Senator Charles Schumer feels like he got hookwinked during the Roberts and Alito nominations. And he’s therefore not going to support any Republican nominee for the Supreme Court at all unless a good showing can be made that a new nominee will vote in a manner that pleases him. The key quote from his speech is an exhortation to his Democratic Party colleagues in the Senate: “We should reverse the presumption of confirmation. The Supreme Court is dangerously out of balance. We cannot afford to see Justice Stevens replaced by another Roberts; or Justice Ginsburg by another Alito.”
I disagree with the premise of his proposal. Politically, there needs to be recognition that the President is going to nominate someone who he thinks will rule in a manner that pleases him, and that there must be some deference to that process or there will be no judges at all. But that’s not the same thing as a “presumption of confirmation;” rather, that’s a realistic view of the situation, and Senators who know that they disagree with the President on Constitutional issues will need to be willing to settle for “half a loaf” during times in the country’s history that political control over the nomination and confirmation process is shared between differing political parties. The distasteful necessity of such a compromise is not exactly Schumer’s complaint, of course – he thinks he was actually deceived by these nominees and their White House sponsors, and that he and his fellow Democrats didn’t even get half a loaf out of agreeing to confirm the nomination of Chief Justice Roberts and Justice Alito.
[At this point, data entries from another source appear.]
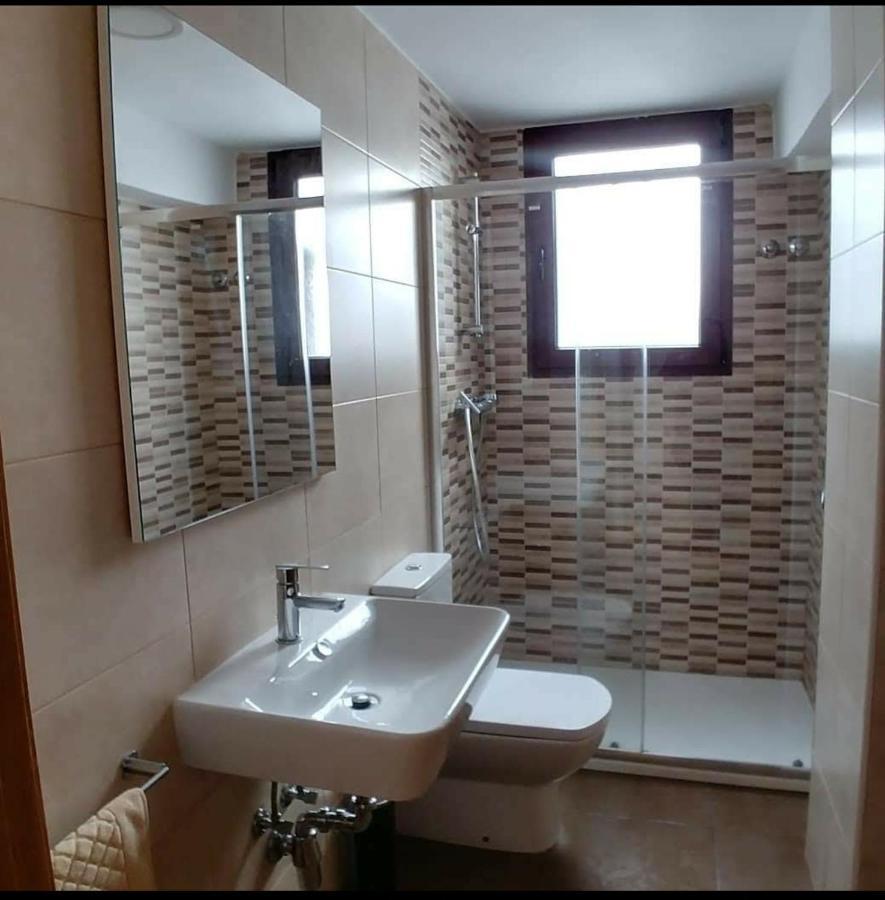 Piso Muy Luminoso En Zona Vieja Appartement Comarca de Comarca de Pontevedra Buitenkant foto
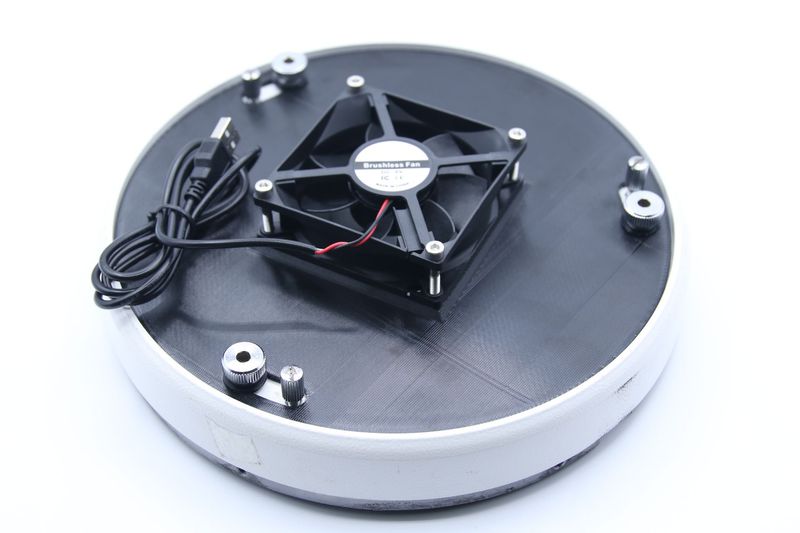 Astroprints Spiegelabdeckung für Skywatcher Newton 8 Astroprints Spiegelabdeckung für Skywatcher Newton 8" Hauptspiegelfassung inkl. 5V USB Lüfter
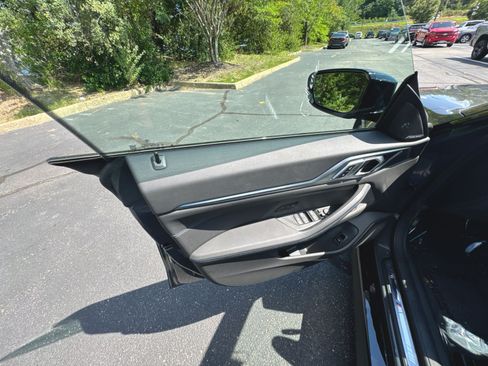 Used 2025 BMW i4 xDrive40i w/ M Sport Package AWD/4WD image 9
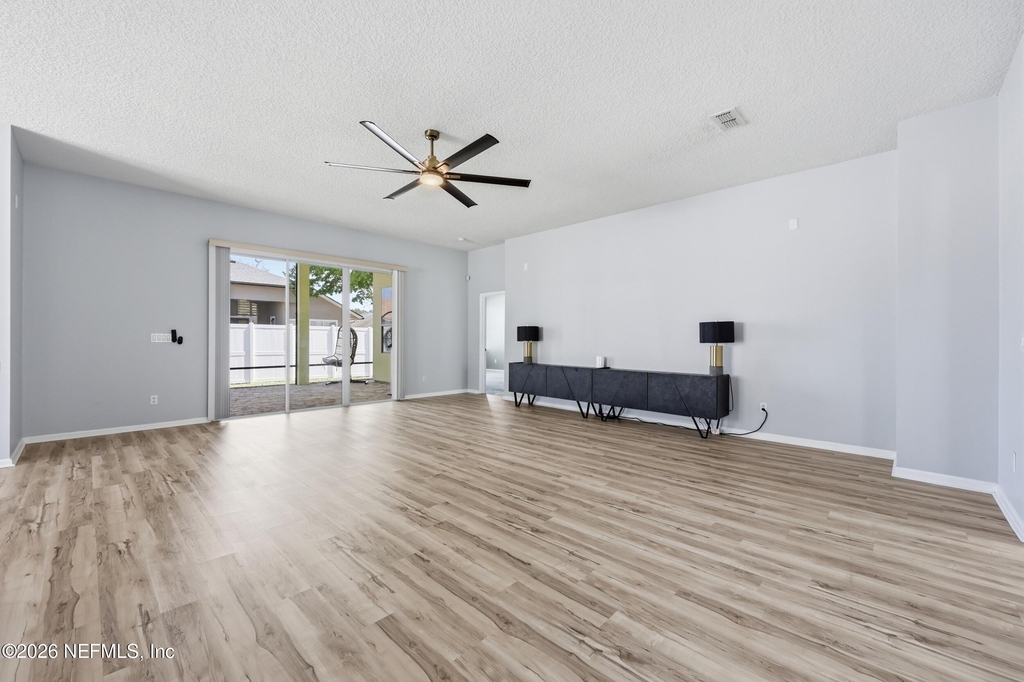 14447 Cherry Lake Drive W - Photo 2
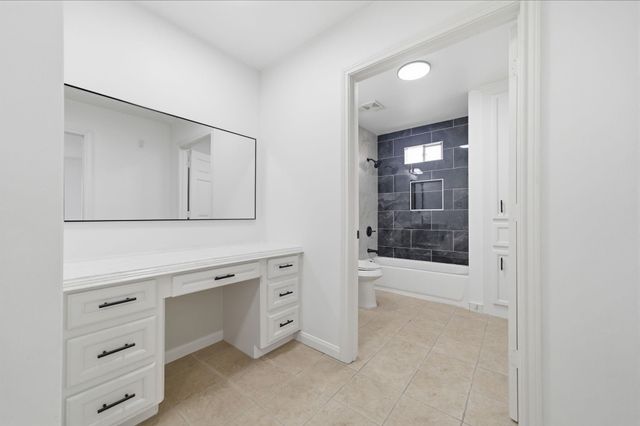 710 W 10th Street, Houston, TX 77008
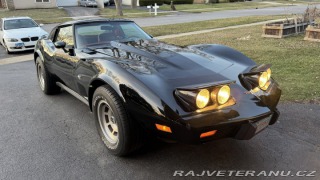 Chevrolet Corvette 5 speed manual, L82 1977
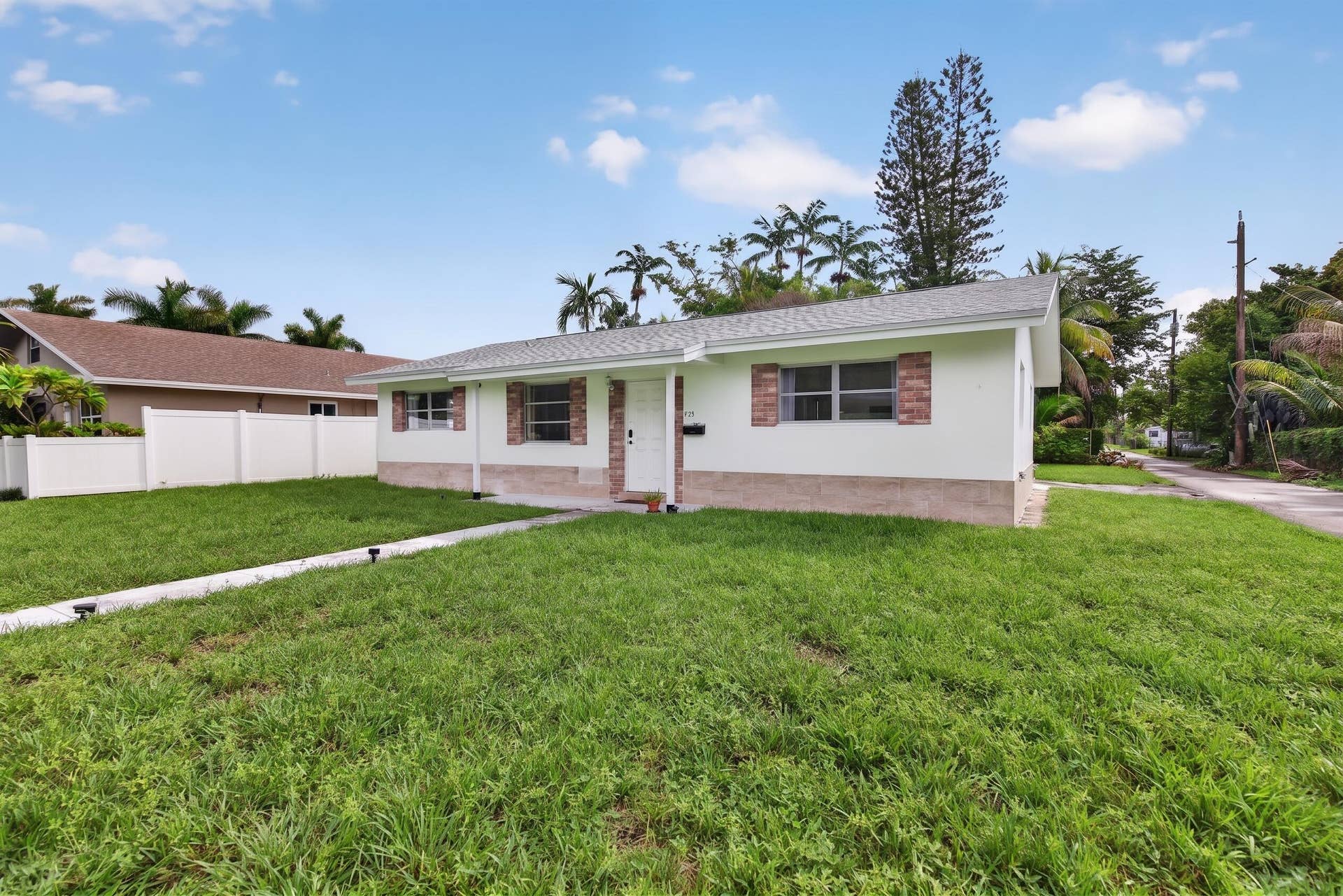 210 NE 5TH Ave , Dania Beach, FL, 33004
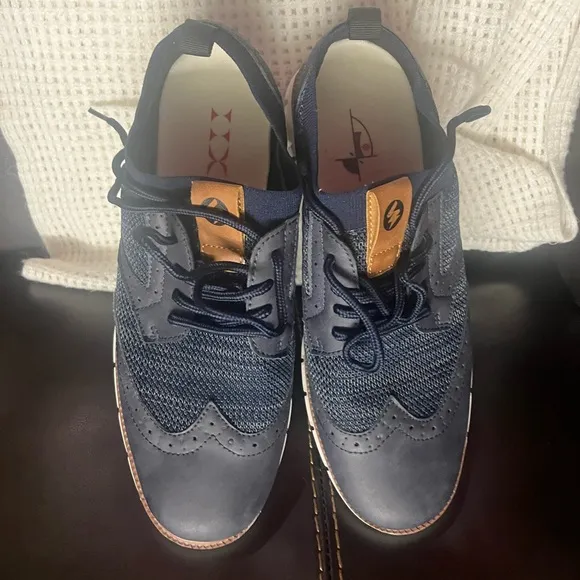 Men’s shoes size 43
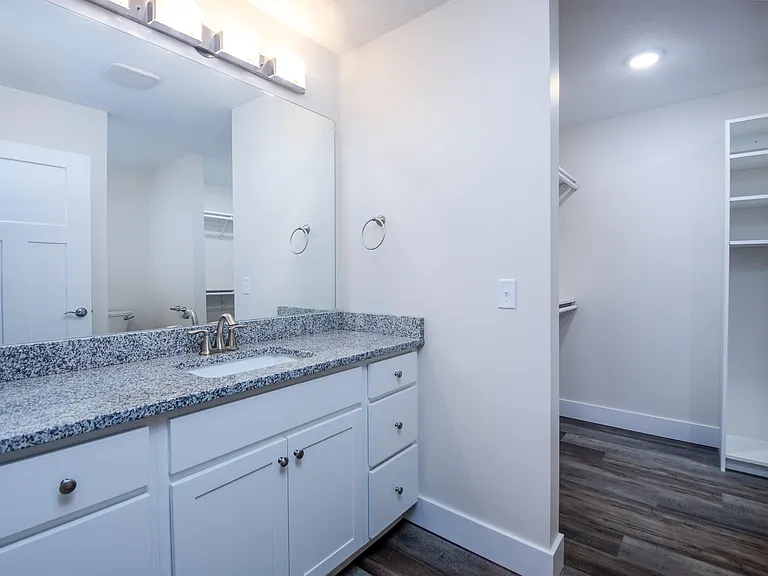 9250 Brook Hollow Ln — Photo 7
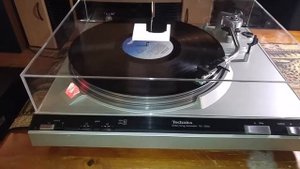 Technics SL 3200 Direct Drive Semi Auto Turntable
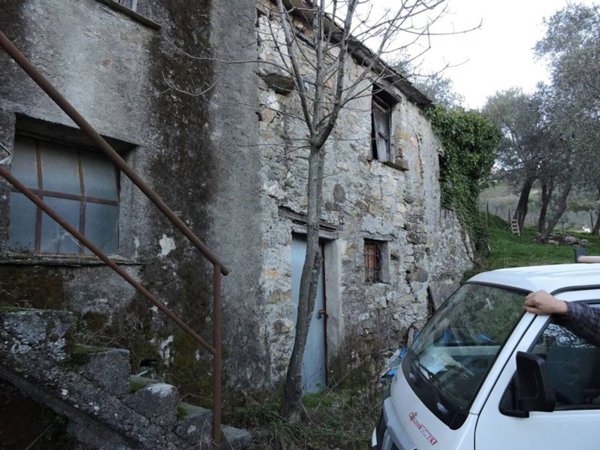 casa indipendente in vendita a Leivi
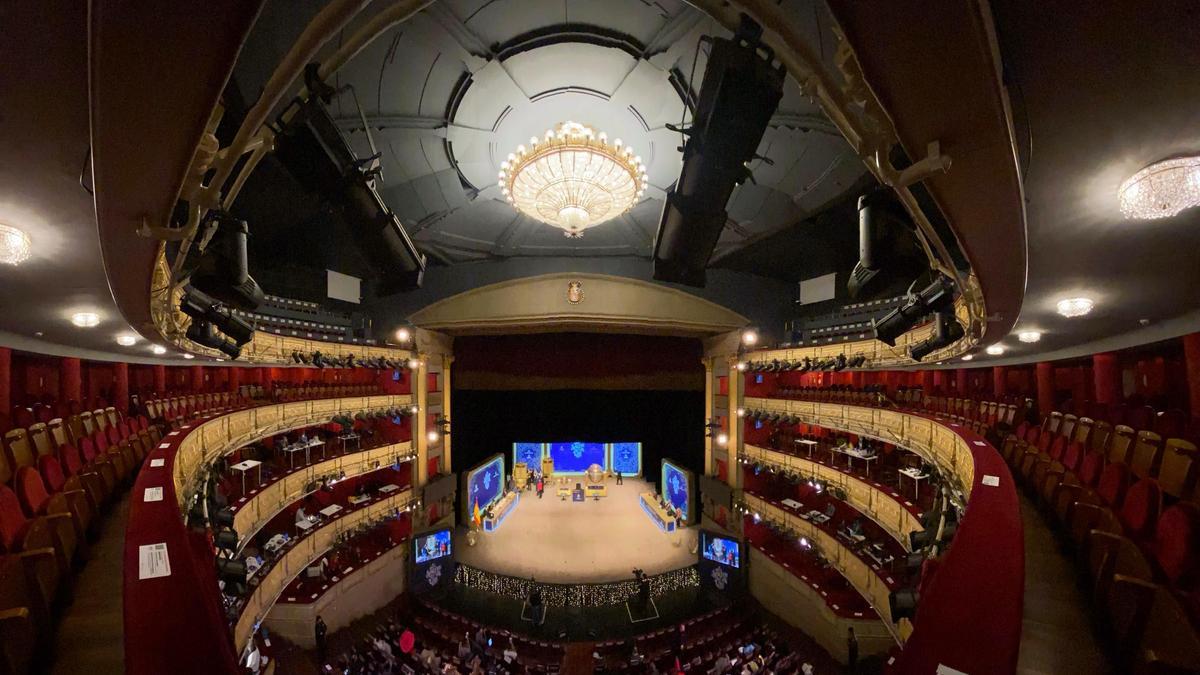 El interior del Teatro Real de Madrid durante la Lotería de Navidad 2021.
But that’s besides the point.
There should be no presumption either for or against confirmation of any nominee to any post, particularly to a post as critical as the Supreme Court. The Senate has its own role to discharge in the process of putting new judges on the bench, and the Constitution says nothing about deference to the President. The Senate’s main job is to render a sober and thorough evaluation of the nominee’s qualifications and abilities to discharge the office, and at least some inquiry into that person’s likely impact on the sphere of the law and government that the nominee will influence. The exact extent of that impact analysis is not definable in easy terms, since while a judge cannot evaluate the merits of a case before the case is presented to her, her attitude about issues, individual rights, the extent of the government’s powers, and the law in a generalized sense are all important to know.
So I don’t think Senator Schumer is out of line to demand some idea of how a Supreme Court nominee will vote and behave once in office. But I do think that a litmus test on particular issues (most prominently abortion) is improper, and it’s pretty clear to me that Schumer is particularly mad about the recent abortion-rights decision. He would not have made this speech had the Court ruled differently on that single case.
Postscript: I hope all my Loyal Readers, from left, right, and center, will join me in wishing the Chief Justice a speedy recovery from his seizure and fall this afternoon.